I submit pull request to christian's repo. It passes the unit test on my desktop machine and we need some discussion about the parallelization direction and kernel interfaces. Comments are in the commit log.

mhoemmen commented 8 years ago

(1) Yes we should move this into Kokkos Kernels as much as possible. I think I might start a bit on that.

The only reason it didn't start that way is because I wasn't sure if the interface was right. Still not convinced but at some point one has to commit.

mhoemmen commented 8 years ago

I believe the GEMV has to be thread aware, so there is some coalesced accesses. Is there another way to do this ?

See discussion of #180.

mhoemmen commented 8 years ago

(2) We need to get Ryans code and see what he did, since apparently he is supposed to have a well performing Block SPMV.

Ryan spent most of his effort on the CUDA implementation. It would be interesting to target KNL and see how convergent the two implementations are.

kyungjoo-kim commented 8 years ago

Do we have any performance test ? I only see the timing results from unit tests ( TpetraCore_ExpBlockCrsMatrix_MPI_4) I do not know how to control the number of threads in the unit test (tests do not listen --kokkos-threads cmd arguments). There is some missing components in Kokkos Serial space and it does not compile with it. Comparing the previous version, timing result is almost same.

srajama1 commented 8 years ago

BTW, I spoke to Christian, GEMV has to be CUDA Threads aware (which also maps to vectorization in CPUs).

kyungjoo-kim commented 8 years ago

Hmmmmmm .... it looks like that this issue will live quite long ~

srajama1 commented 8 years ago

Why don't we create another one for performance. You have already taken care of what is needed.

kyungjoo-kim commented 8 years ago

How can I turn on Pthread backend as a default node in Tpetra ? When I disable OpenMP and enalbe Threads, it turns on Serial space only.

rppawlo commented 8 years ago

@kyungjoo-kim this is related to #123

kyungjoo-kim commented 8 years ago

I just found that hwloc prevent from listening OMP_NUM_THREADS and the previous timing result was corrupted by the over-subscription of threads. Without hwloc, I also see that the unit test uses a tiny problem. I found a couple Kokkos problems and will open issues and reference here.

kyungjoo-kim commented 8 years ago

I opened related issues on Kokkos. #198 #200 . Done for now.

mhoemmen commented 8 years ago

@kyungjoo-kim I would have been happy with a single-level loop using the host execution space ;-) Like Siva said, this is just the first step. You're welcome to work on the second paper with Ryan (got the first one accepted at an IPDPS workshop). Thanks though for thinking about this!

mhoemmen commented 8 years ago

This wasn't merged into master, so I'm reopening. @amklinv and I are working on the merge now. We have to use the host execution space for now, because I can't assume that CUDA builds turn on the option for device lambdas. Thus, this won't actually be fixed until we rewrite the lambda into a functor.

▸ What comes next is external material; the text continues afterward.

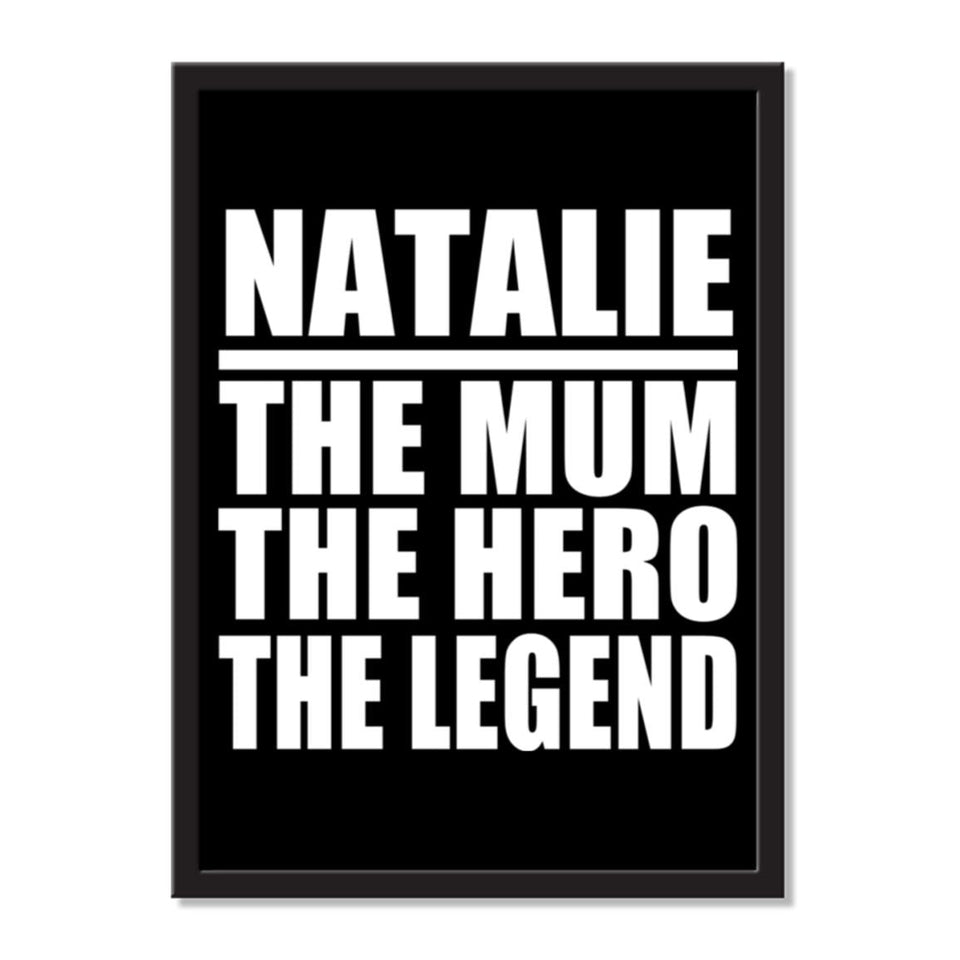 Natalie The Mum The Hero The Legend - Portrait Frame Photo Tile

mhoemmen commented 8 years ago

Merge is trickier than I had thought. Block RILUK test is failing in Ifpack2, but it may not be related to this mat-vec. I have to experiment a bit first. I may need to add a MultiVector sync for the output MV Y.

mhoemmen commented 8 years ago

The Ifpack2 issues were due to the #177 fix; this commit was fine. See #177 discussion.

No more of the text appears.